Fue un solo golpe. Uno que no solo dejó a Gabriel García Márquez con el ojo morado y una mueca de sorpresa, sino que también resquebrajó una de las amistades más icónicas de la literatura hispanoamericana. El 12 de febrero de 1976, en el majestuoso Palacio de Bellas Artes de México D.F., un puñetazo lanzado por Mario Vargas Llosa dividió para siempre el boom latinoamericano, ese grupo de escritores que transformaron la literatura mundial en las décadas de los 60 y 70.
Ambos habían llegado a la gala con sus respectivas esposas. Se trataba del estreno del documental Supervivientes de los Andes, pero el verdadero drama ocurriría fuera de la pantalla. En un pasillo del recinto, Vargas Llosa se acercó a su viejo amigo y, sin previo aviso, le propinó un puñetazo que lo derribó. Gabo, atónito, solo pudo preguntar: «¿Y este por qué me pegó?».

No fue un arrebato cualquiera. Fue el desenlace de una tensión larvada durante años, el final abrupto de una relación fraternal forjada en la admiración literaria, las tertulias en Barcelona y un ideal compartido: revolucionar las letras del continente.
Mario Vargas Llosa y Gabriel García Márquez: amistad entre genios
Todo había empezado con una sonrisa en 1967, cuando el joven Vargas Llosa, con apenas 31 años y ya respetado por obras como La ciudad y los perros, conoció a un García Márquez que ese mismo año conquistaba el mundo con Cien años de soledad. El aeropuerto de Caracas fue el escenario del encuentro de dos titanes. Pronto serían inseparables.

Barcelona los unió más aún. Allí compartieron cafés, fiestas familiares, largas caminatas y hasta proyectos literarios conjuntos. Hablaron de escribir novelas sobre dictadores, de crear revistas. Soñaron, leyeron y escribieron entre amigos como Carlos Fuentes y José Donoso, bajo el paraguas de la mítica agente literaria Carmen Balcells. Vivían a solo metros de distancia y cada quien, en su pequeño rincón, daba vida a clásicos como Pantaleón y las visitadoras y El otoño del patriarca.
El golpe invisible: ¿por qué la agresión?
Pero la armonía se resquebrajó. Las razones son aún materia de debate.

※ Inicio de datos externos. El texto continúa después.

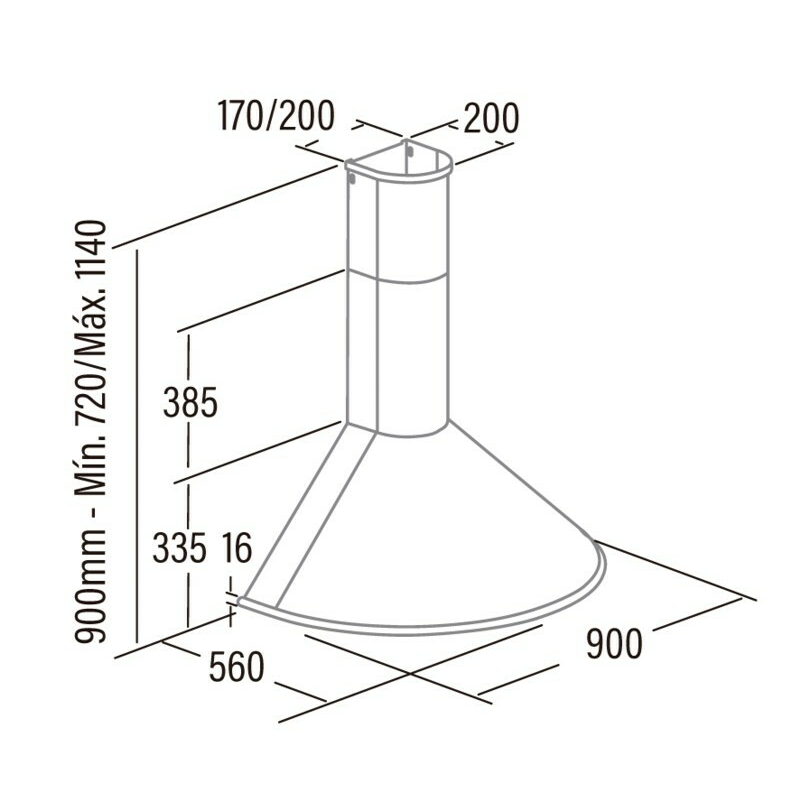 Campana decorativa Cata Q 900 BK Negro (1)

Algunos señalan los celos literarios y las diferencias políticas —Gabo cada vez más cercano a Fidel Castro y Mario transitando hacia el liberalismo—. Otros, los más insistentes, apuntan a lo personal: a los problemas conyugales del peruano, y a la intervención de García Márquez —quizás mal interpretada, quizás no—.

Hay una frase atribuida a Vargas Llosa que, según el biógrafo Gerald Martin, fue el detonante: «Esto es por lo que le dijiste a Patricia». O, quizás, «por lo que le hiciste». La verdad, como en muchas grandes novelas, está envuelta en el misterio.

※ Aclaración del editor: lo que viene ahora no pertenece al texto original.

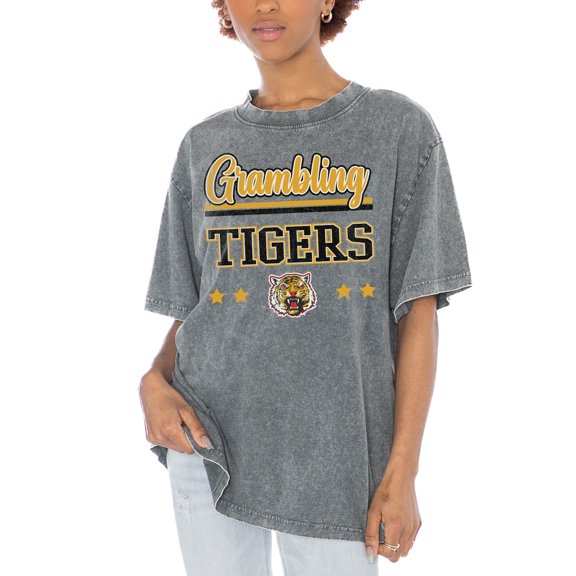 Women's Gameday Couture Gray Grambling Tigers Here To Play Oversized T-Shirt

Lo único cierto es la foto que quedó para la historia: Gabo sonriendo con un ojo hinchado, inmortalizado por el lente del fotógrafo Rodrigo Moya, dos días después del altercado. Quería, según dijo, «tener una constancia» del episodio.

Desde entonces, nunca más se hablaron. Ni el tiempo, ni la insistencia de Balcells, ni el reconocimiento mutuo de sus genialidades lograron recomponer la amistad. En 2017, cuando le preguntaron a Vargas Llosa si había vuelto a ver a García Márquez, fue tajante: «No». Y cuando intentaron profundizar en el tema, cerró el capítulo con un seco: «Entramos en terrenos peligrosos. Es hora de poner fin a esta conversación».

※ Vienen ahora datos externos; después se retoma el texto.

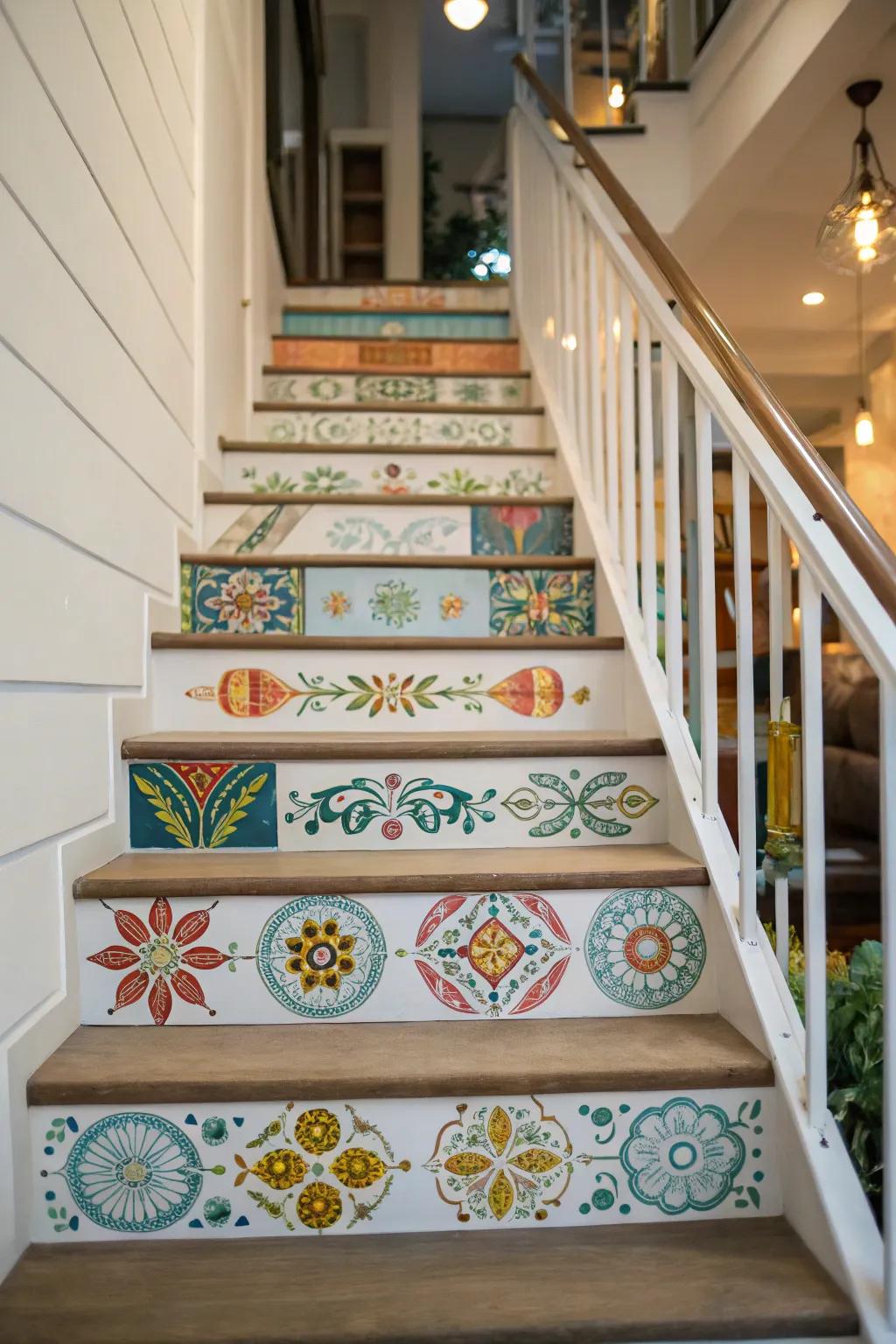 Bespoke art provides a unique and temporary staircase makeover.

El boom sobrevivió sin esa hermandad, pero ya nada fue igual. Las cenas compartidas, los debates ideológicos, la complicidad creativa, todo se disolvió con ese único golpe. Un puñetazo que no solo rompió una amistad, sino que simbolizó la fragilidad de los grandes mitos.
Hoy, ambos autores siguen siendo pilares de la literatura universal. Pero entre ellos quedó un silencio que ni los mejores narradores pudieron llenar.